Quindi l’importanza del padre per gli adolescenti non è un mito?

«Il padre aiuta il processo di separazione dalla mamma, incrementa il sentimento di responsabilità, diventa un modello. La simpatia, e soprattutto la stima profonda del padre, è una benedizione nei confronti del figlio. Per un ragazzo è tremendo portarsi dentro un padre sprezzante, che lo ridicolizza o lo umilia o non crede in lui».

Ma non sbaglia anche il padre che incita ad avere chissà quali successi?
«È altrettanto pericoloso, mentre il papà accuditivo vuol bene, stima, fa affidamento sul figlio. Anche quelli lontani, che hanno delegato per dedicarsi solo al lavoro, nelle crisi ritornano. È il dolore che produce questo avvicinamento. È bellissimo quando si riesce a far sì che un padre e un figlio facciano un viaggettino da soli, mitico, leggendario: è un momento in cui riprendere a parlarsi, il segno del ritrovamento».

Possibile che per capire si debba aspettare la crisi?
«Tutti i sintomi, le droghe, i digiuni, i disturbi alimentari, i comportamenti antisociali sono tentativi degli adolescenti di risolvere il loro dolore e di comunicarlo. Il nostro compito è proprio quello di recapitare il significato della condotta trasformata in appello, invito, richiesta, ma sono ottimista perché vedo cambiamenti importanti, vedo che il dolore dei figli e dei genitori spinge a esaudire queste richieste di presenza, non “dandogliela vinta”, ma anzi offrendo tanta relazione e vicinanza piuttosto che tanti regali».

Talvolta non è proprio lo spauracchio di comportamenti e scelte estreme che porta a darla vinta ai figli?
«Non c’è dubbio che la quantità di dolore a scopo educativo che i genitori pensano di poter somministrare ai figli èmolto bassa. Cercano di tenere basso il livello del conflitto per paura che si interrompano i canali di comunicazione e che i ragazzi possano estrinsecare la loro frustrazione con reazioni inconsulte, per esempio drogarsi, scappare di casa, sparire».

Papà e mamma hanno troppa paura del dolore del figlio?
«Per questo evitano castighi e conflitti, una situazione da cui nasce la fantasia che ci sia un’arrendevolezza nei confronti dei ragazzi. Ma non è che i genitori si arrendano, che sarebbe lo sbaglio più grande. È che non sanno bene come fare rispetto alla precocità sociale, all’intensità della vita di gruppo, alla funzione che svolge la coppia amorosa nell’adolescenza. Non sanno bene come regolarsi rispetto ai competitori, la sottocultura dei mass media, il narcotraffico, che sono tutte potenze dalla capacità di penetrazione enorme».

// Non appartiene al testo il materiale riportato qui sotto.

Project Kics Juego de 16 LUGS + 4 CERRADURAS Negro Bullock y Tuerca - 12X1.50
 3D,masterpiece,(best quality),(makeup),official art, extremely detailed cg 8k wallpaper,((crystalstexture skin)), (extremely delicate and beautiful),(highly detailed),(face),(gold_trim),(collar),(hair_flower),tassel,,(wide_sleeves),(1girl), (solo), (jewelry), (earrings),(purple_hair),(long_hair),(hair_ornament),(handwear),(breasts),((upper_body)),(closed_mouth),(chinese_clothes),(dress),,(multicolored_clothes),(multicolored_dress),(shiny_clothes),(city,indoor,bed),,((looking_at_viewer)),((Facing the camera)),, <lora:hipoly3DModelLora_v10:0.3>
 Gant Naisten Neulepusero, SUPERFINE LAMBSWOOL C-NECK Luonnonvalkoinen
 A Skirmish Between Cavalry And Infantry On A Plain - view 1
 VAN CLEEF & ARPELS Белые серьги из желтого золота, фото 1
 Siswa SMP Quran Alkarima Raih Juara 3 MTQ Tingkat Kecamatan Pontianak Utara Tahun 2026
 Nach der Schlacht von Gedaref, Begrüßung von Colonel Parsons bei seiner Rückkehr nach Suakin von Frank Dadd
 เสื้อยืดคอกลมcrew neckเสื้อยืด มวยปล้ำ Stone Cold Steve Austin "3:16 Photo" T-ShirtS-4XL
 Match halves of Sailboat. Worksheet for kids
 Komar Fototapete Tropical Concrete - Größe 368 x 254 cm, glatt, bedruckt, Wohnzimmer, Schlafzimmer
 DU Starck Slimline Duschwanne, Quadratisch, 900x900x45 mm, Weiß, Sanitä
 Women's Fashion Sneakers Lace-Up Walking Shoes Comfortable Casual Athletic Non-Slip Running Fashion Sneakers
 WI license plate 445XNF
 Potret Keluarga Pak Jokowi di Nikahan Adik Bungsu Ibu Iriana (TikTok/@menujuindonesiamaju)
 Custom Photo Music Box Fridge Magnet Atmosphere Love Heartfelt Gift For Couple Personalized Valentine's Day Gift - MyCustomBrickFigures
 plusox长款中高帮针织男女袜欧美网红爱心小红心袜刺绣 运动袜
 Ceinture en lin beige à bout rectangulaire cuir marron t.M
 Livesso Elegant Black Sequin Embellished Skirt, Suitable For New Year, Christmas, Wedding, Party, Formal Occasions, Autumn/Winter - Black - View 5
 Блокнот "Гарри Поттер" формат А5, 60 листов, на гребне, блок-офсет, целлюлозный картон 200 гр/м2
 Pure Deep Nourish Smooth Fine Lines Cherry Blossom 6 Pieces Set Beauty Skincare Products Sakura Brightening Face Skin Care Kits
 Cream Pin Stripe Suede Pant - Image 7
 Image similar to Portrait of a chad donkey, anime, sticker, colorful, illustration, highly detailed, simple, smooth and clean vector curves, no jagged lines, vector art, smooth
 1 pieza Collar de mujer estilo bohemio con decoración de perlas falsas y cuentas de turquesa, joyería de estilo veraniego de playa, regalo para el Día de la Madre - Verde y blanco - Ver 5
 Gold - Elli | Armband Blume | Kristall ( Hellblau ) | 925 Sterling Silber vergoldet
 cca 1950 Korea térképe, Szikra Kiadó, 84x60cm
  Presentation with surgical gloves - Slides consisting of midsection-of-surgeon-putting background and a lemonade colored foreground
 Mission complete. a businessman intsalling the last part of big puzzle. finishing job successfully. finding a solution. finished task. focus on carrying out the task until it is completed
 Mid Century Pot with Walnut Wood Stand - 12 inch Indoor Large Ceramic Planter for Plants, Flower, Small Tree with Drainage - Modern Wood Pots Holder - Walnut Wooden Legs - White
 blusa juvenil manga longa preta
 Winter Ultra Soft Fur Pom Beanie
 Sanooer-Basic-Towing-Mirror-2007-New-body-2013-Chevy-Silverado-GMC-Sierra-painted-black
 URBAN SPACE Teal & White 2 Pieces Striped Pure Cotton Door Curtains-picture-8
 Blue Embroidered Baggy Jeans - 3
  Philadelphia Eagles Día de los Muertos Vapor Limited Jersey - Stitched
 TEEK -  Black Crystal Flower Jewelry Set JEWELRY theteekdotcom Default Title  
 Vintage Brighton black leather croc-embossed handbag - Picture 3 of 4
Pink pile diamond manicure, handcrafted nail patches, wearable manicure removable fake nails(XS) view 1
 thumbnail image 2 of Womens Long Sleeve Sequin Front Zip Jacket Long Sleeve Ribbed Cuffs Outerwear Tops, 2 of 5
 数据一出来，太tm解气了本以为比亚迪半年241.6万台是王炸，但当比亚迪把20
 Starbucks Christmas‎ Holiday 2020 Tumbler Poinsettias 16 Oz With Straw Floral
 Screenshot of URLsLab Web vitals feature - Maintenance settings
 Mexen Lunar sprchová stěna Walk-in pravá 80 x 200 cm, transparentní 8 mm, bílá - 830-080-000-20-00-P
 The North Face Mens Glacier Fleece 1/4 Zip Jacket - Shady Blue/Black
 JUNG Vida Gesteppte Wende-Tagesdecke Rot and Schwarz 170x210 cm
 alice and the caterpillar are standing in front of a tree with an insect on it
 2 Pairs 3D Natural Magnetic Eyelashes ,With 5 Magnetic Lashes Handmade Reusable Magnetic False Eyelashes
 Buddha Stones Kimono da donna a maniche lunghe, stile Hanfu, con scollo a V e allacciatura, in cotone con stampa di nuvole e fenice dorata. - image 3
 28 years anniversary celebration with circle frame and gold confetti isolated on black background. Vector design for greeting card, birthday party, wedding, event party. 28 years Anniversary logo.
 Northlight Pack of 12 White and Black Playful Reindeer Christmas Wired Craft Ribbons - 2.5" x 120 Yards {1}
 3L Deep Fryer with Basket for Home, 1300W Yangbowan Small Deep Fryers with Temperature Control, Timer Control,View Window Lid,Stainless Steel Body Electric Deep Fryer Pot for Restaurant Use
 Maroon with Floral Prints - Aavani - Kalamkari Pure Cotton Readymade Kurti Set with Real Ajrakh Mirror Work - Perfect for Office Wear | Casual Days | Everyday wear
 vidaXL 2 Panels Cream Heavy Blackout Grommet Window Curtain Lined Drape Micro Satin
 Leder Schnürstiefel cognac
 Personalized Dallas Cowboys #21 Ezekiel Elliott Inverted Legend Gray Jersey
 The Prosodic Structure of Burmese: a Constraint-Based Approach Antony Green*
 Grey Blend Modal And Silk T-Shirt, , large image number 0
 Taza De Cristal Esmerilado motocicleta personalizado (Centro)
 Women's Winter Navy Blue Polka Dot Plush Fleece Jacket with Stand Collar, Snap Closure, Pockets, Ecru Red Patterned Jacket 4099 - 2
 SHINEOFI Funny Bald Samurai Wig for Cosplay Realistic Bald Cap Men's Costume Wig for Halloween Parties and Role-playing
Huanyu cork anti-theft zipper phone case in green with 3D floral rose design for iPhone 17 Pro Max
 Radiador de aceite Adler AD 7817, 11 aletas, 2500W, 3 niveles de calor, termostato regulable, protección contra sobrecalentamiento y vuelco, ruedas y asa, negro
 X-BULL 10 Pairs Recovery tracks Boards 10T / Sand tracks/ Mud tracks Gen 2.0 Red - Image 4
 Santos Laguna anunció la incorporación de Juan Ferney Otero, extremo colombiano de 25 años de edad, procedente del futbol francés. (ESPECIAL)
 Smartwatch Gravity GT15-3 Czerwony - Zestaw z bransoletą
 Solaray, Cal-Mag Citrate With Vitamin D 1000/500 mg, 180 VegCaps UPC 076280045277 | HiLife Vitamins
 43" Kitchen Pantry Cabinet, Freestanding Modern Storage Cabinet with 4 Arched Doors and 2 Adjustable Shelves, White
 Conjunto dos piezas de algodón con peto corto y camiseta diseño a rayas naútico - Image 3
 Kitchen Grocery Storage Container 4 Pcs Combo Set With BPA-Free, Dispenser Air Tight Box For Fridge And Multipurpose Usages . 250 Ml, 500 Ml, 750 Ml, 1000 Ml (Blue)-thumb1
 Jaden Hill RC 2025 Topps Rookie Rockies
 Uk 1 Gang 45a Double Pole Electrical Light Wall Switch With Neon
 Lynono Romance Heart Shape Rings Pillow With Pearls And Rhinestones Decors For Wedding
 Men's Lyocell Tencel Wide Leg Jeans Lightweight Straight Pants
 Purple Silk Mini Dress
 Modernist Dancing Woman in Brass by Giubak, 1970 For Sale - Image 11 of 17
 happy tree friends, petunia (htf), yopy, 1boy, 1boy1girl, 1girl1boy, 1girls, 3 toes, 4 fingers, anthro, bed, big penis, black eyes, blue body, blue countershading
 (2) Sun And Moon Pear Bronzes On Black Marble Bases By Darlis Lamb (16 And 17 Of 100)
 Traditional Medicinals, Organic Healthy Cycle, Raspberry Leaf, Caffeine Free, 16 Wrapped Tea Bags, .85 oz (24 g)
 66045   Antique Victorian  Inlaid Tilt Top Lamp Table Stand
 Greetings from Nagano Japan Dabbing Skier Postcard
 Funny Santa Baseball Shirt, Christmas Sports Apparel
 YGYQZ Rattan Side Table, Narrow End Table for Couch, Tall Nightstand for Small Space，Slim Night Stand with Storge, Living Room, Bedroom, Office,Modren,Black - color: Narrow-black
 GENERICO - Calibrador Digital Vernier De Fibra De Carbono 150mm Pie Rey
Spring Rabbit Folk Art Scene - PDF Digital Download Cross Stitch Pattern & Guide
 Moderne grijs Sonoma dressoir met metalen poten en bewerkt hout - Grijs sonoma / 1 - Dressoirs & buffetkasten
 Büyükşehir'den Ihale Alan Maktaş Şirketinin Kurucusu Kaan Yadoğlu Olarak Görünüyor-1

Ma chi potrebbe dargli torto visti i modelli di comportamento che offre la sottoculturaspazzatura?
«La verità è che fino a quando la famiglia può svolgere il suo compito i bambini sono bellissimi, socievoli, creativi. È dopo che cominciano i guai perché irrompono modelli molto persuasivi di fronte alle domande degli adolescenti desiderosi di capire come si fa a diventare belli, famosi, molto ma molto visibili. La sottocultura glielo insegna: dice che basta imparare la canzoncina, il balletto, essere magri, sexy... I modelli della pubblicità e dei consumi non hanno niente a che fare con la famiglia. Assistiamo a un peggioramento gravissimo della società».

Di fronte a cui lei rimane ottimista?
«Sì, perché vedo che gli adulti mettono i ragazzi “in prima serata”, in senso negativo, ma anche positivo, come è stato decenni fa per i bambini, quando si è cominciato a studiare e approfondire i loro bisogni e necessità favorendo quella cultura attenta che ha cambiato tante cose. Nello stesso modo stiamo costruendo una cultura dell’adolescenza che darà i suoi frutti nonostante i nemici potenti, spacciatori di ogni genere di male».